なるほど、昨日の遠くを見るような視線の先にはあの人がいるって事か。しかし、おそらく毎朝の・・・たったこれだけの一時(ひととき)を大事にしているんなら、聡太くんはかなりの純情少年だな・・・・・・何か可笑しい。

この光景をあのファンクラブの連中や、こっそり慕っているようなやつらに見せたいものだ。かなりの人数が払いのけられて聡太くんは楽になるだろう。誰も物語のヒロインにはなれない・・・きっとそれがはっきりと分かるから。

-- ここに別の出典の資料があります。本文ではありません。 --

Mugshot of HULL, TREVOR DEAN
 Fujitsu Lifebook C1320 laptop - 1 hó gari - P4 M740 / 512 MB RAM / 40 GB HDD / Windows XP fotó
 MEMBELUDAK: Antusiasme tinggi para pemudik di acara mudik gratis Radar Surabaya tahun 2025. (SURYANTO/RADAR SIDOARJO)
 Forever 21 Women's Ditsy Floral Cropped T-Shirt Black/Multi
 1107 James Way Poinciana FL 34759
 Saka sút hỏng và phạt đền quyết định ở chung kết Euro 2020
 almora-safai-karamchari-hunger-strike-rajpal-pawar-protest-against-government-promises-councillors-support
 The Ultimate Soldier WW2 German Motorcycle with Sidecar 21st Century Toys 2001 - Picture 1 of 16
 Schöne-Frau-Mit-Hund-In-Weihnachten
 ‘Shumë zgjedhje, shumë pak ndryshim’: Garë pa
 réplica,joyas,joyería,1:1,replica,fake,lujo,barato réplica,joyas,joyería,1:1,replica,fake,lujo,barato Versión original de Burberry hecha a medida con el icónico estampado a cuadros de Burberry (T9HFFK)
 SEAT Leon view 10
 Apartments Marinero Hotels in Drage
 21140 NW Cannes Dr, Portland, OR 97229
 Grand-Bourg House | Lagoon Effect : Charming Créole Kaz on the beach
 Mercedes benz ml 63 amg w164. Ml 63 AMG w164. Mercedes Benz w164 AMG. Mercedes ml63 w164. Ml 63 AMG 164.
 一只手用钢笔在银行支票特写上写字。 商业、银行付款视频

あの人・・・航の姉さん意外はみんな一読者に過ぎないんだって。

今の調子だと物語が進展するかどうかはあまり期待できそうにないけど、彼の友達であるかぎり、ずっと彼の歩む物語を見る事ができるだろう。

・・・うん、それも悪くないな。

そんな事を考えているうちに、彼の視線の先にいる人は角を曲がって見えなくなった。私は一度深呼吸をして、大きく空気を吸い込んだ。

「おーい、聡太くんおはよう、・・・航は?」

「あ、おはよう、朋ちゃん。出てこないから先行く?」

よし、見てた事はばれてないみたいだ。

「あ、チャイム連打したら出てこないかな?」

「朋ちゃん? そういう事すると、おばさんにに迷惑かかるから止めようね?」

顔を引きつらせた真面目な彼に注意されてると、玄関のドアが開いて眠そうな顔した航が出てきた。

「求める者。」での縛りが影響したお話です。

「三日くらいで諦めた」って台詞のとこですね。

ホワイトデー系のお話終わったら、「求める者。」絶対書き直してやる。


あとは・・・予想外に安田家の母親出てきましたね。

パワフルで、アットホームな家庭です。